WSI (Web services intermediaries) address the need for faster, more flexible application integration with configurable tools for creating reliable, scalable Web services networks. There are more than a dozen WSI product vendors — more if you throw in XML firewalls, which are quickly adding Web services deployment and management to their security capabilities.
I recently sat down with product managers and engineers from Actional, AmberPoint, Flamenco Networks, Infravio, and Westbridge Technology to get a preview of the new WSI products they are releasing this quarter. I discovered maturing conceptual models, more sophisticated and intuitive user interfaces, and evolutionary changes to product features.

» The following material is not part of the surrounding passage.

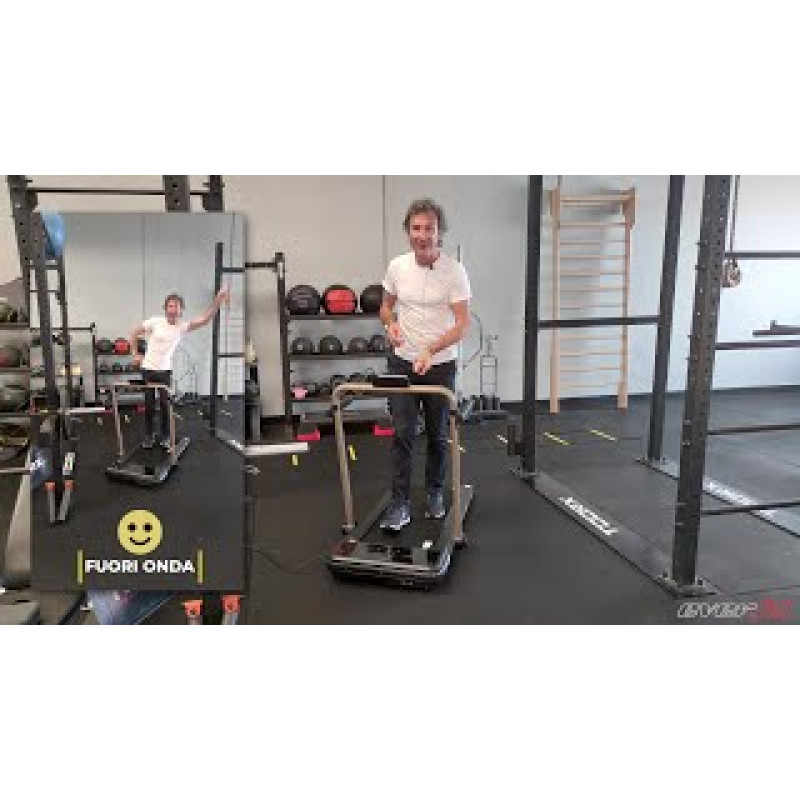 Бігова доріжка Everfit TFK 135 Slim Pearl White (TFK-135-SLIM-W)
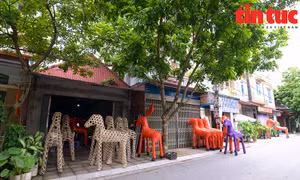 'Thủ phủ vàng mã' miền Bắc 'ảm đạm' dịp rằm tháng 7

Service virtualization is one of the staple features of WSI products. In its simplest form, service virtualization creates a proxy of the Web service, hiding implementation details from service consumers. In addition to the security benefits you get from a proxy, service virtualization has practical benefits as well. For example, it allows you to move a service from one machine to another or run it on multiple machines without affecting service consumers.
In the latest round of WSI products, service virtualization has matured and expanded to become one of the central organizing concepts. As an example, Westbridge Technology’s XMS (XML Message Server) 3.0 uses service views to create an abstraction layer for back-end services. Westbridge has already made a name for itself in the XML firewall space, and XMS is a capable WSI product in its own right.
In XMS, service administrators focus on creating service views for service consumers. Service views can be configured in one-to-many or many-to-one relationships; as examples, a single view can incorporate methods from multiple back-end services or the methods of a single back-end service can be split apart and used in different service views.
The messages destined for the methods in each view, and the responses returned, travel on a message processing pipeline that performs as many as 28 separate checks on the message. These rules incorporate steps such as authentication and authorization of consumers, message validation against a schema, signature validation, encryption, and message transformation. Each service consumer can have a custom service view if necessary, and each view can be associated with the custom-designed message processing pipeline.
The administrator can set and test properties associated with a single message on its round-trip through the pipeline. In this way, pipeline steps and properties can be combined to create sophisticated behavior. For example, an intrusion detection trap can be created by setting a custom property to true whenever a schema fails to validate so that these schema can be routed to a special “honeypot” server.